WHAT TO WORK ON: Straight copy, no pictures: transcribe each entry as it stands.

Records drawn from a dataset
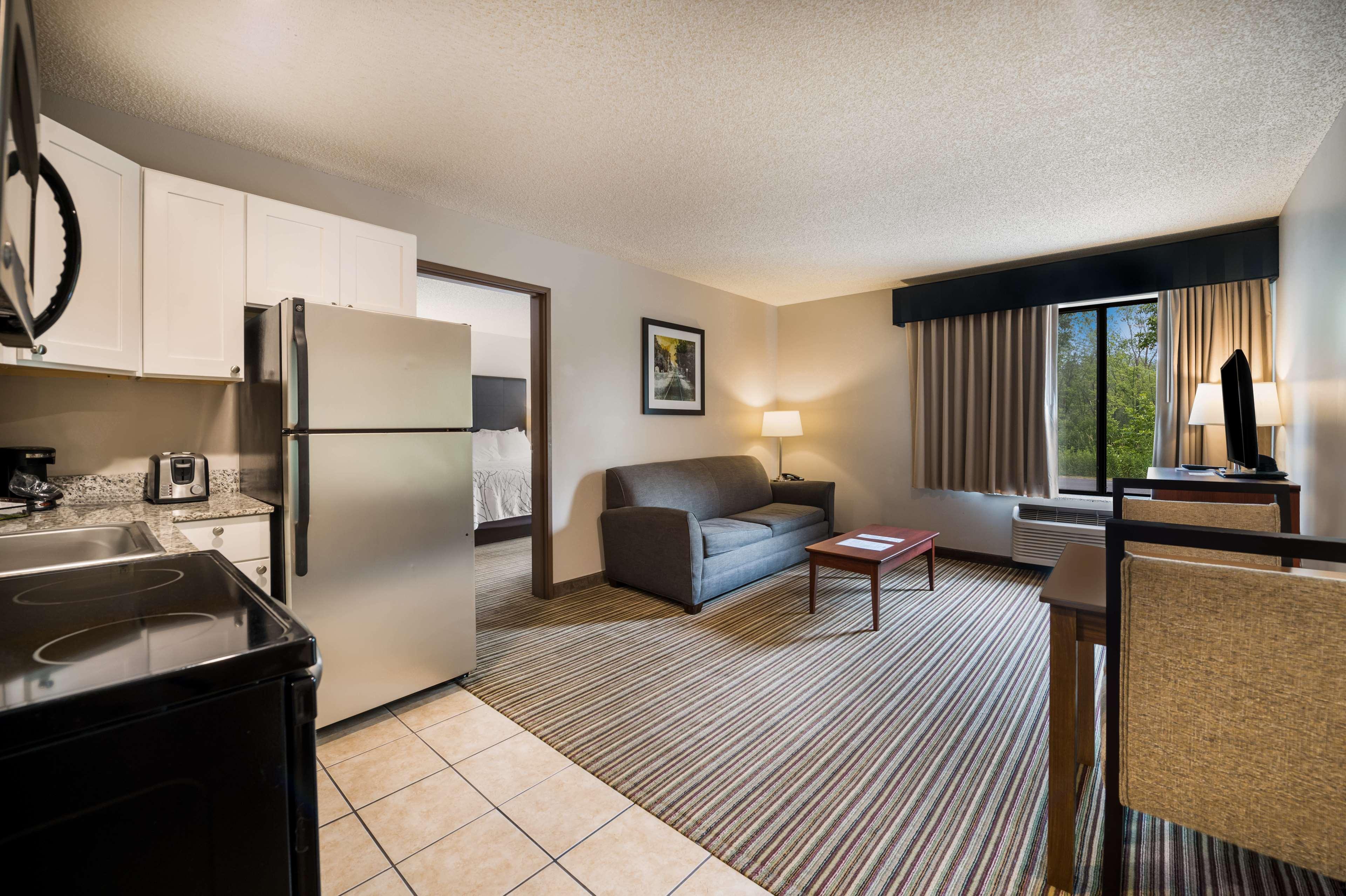 Apartment King Size Bed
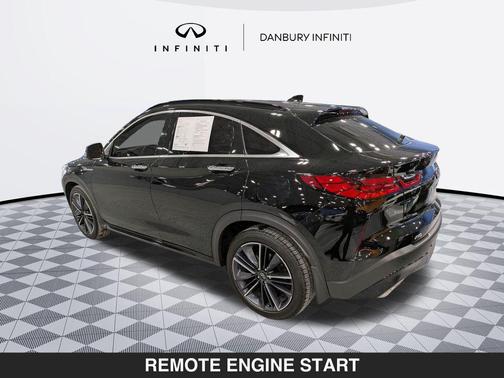 2025 INFINITI QX55 LUXE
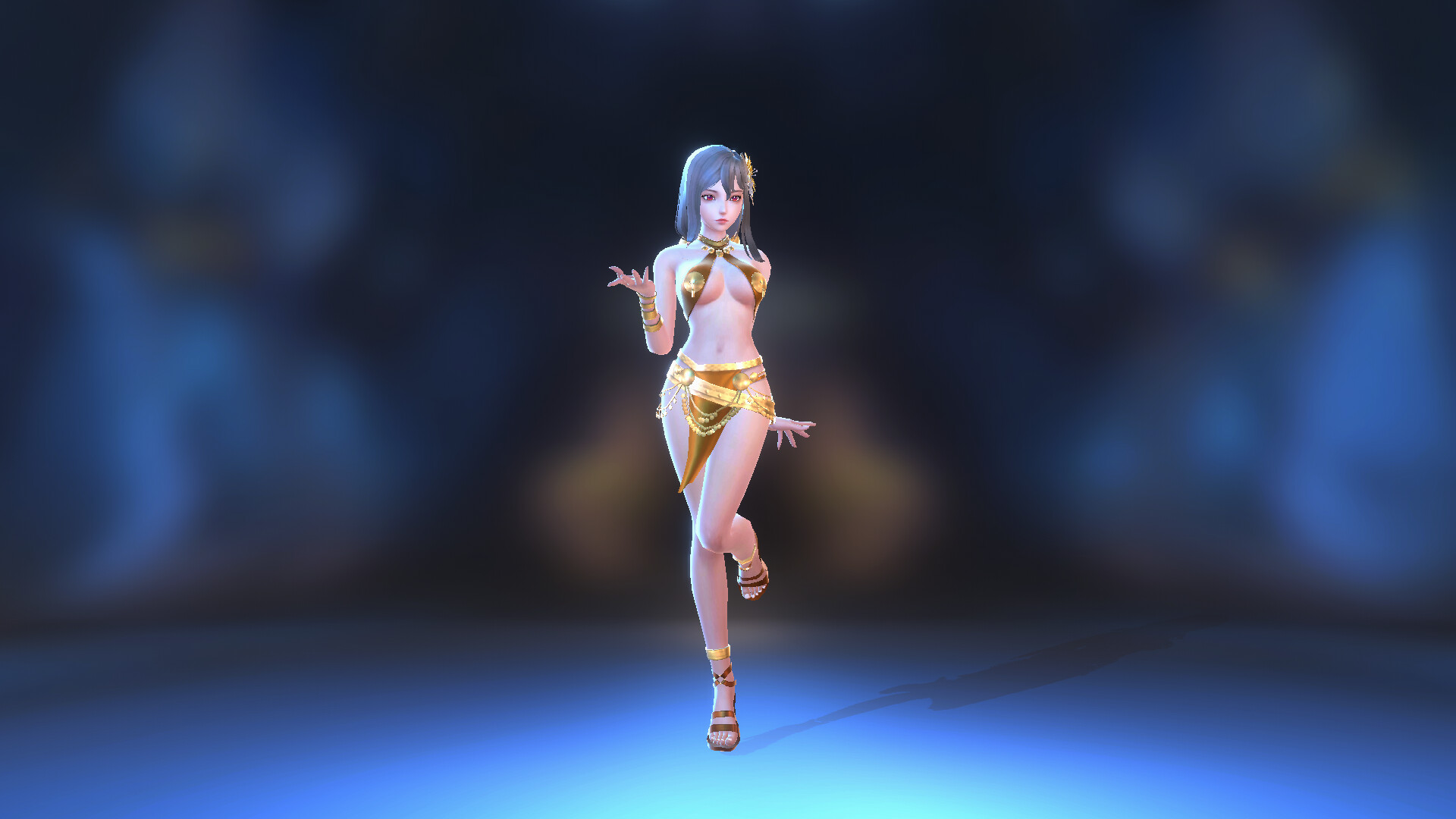 Angel Legion-DLC Tropical Style (Orange) #4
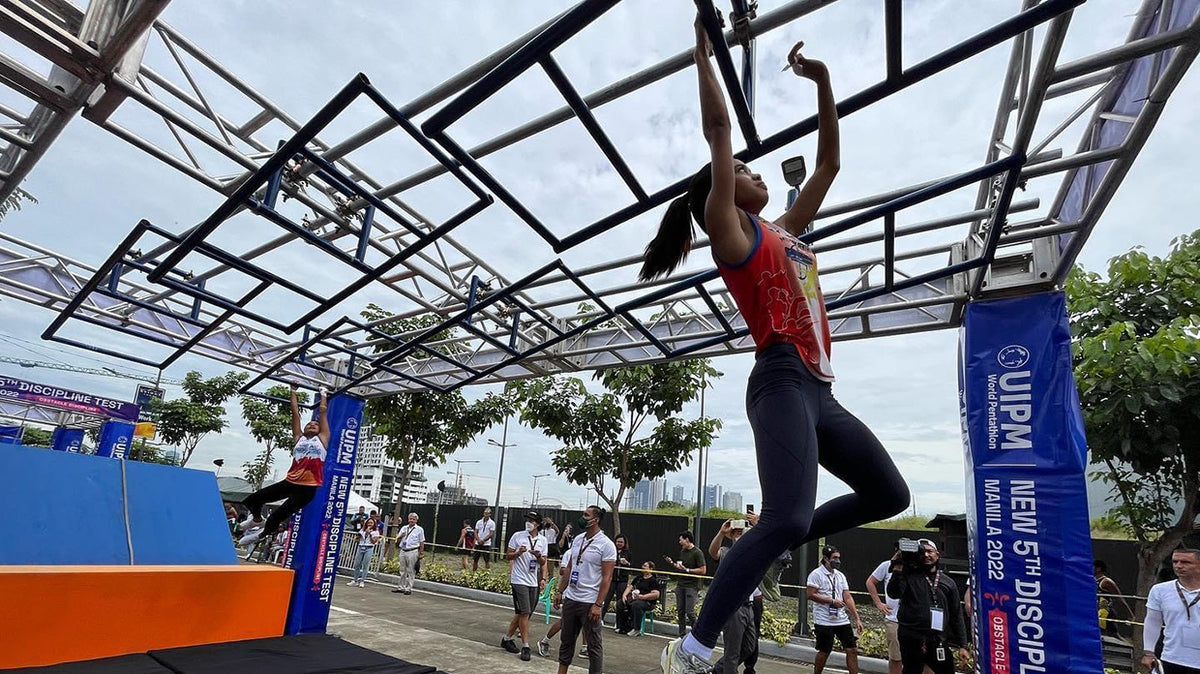 What Went Down at the Olympic Test Event in Manila, and What's Next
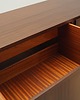 komody i szafki Komoda mahoniowa, duński design, lata 70, producent: Omann Jun 6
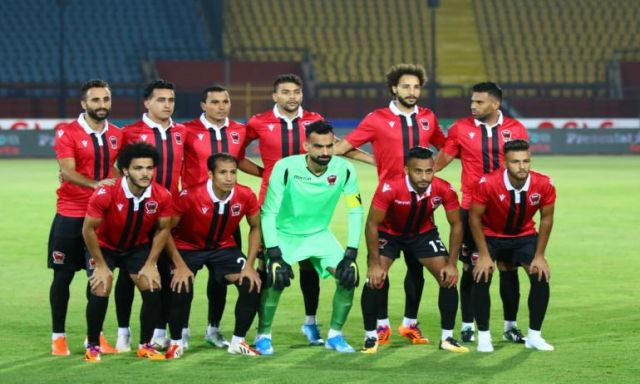 أف سي مصر يفوز على الجونة ويتأهل إلى دور الـ 16 بكأس مصر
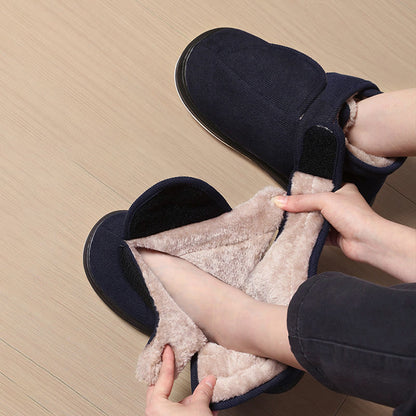 Plus Size Comfort Stability Slippers - image 1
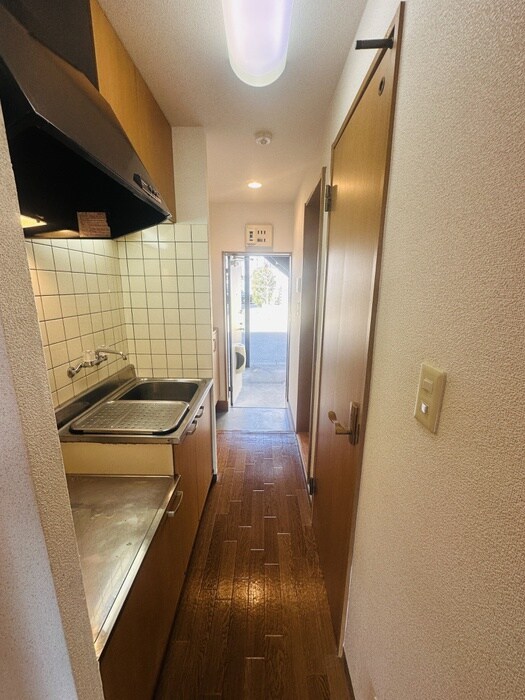 サン・フォレストの物件内観写真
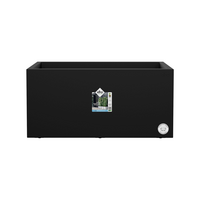 Bak vivo next rh l80cm lvng black - afbeelding 2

YOUR RESPONSE:
 Apartment King Size Bed
 2025 INFINITI QX55 LUXE
 Angel Legion-DLC Tropical Style (Orange) #4
 What Went Down at the Olympic Test Event in Manila, and What's Next
 komody i szafki Komoda mahoniowa, duński design, lata 70, producent: Omann Jun 6
 أف سي مصر يفوز على الجونة ويتأهل إلى دور الـ 16 بكأس مصر
 Plus Size Comfort Stability Slippers - image 1
 サン・フォレストの物件内観写真
 Bak vivo next rh l80cm lvng black - afbeelding 2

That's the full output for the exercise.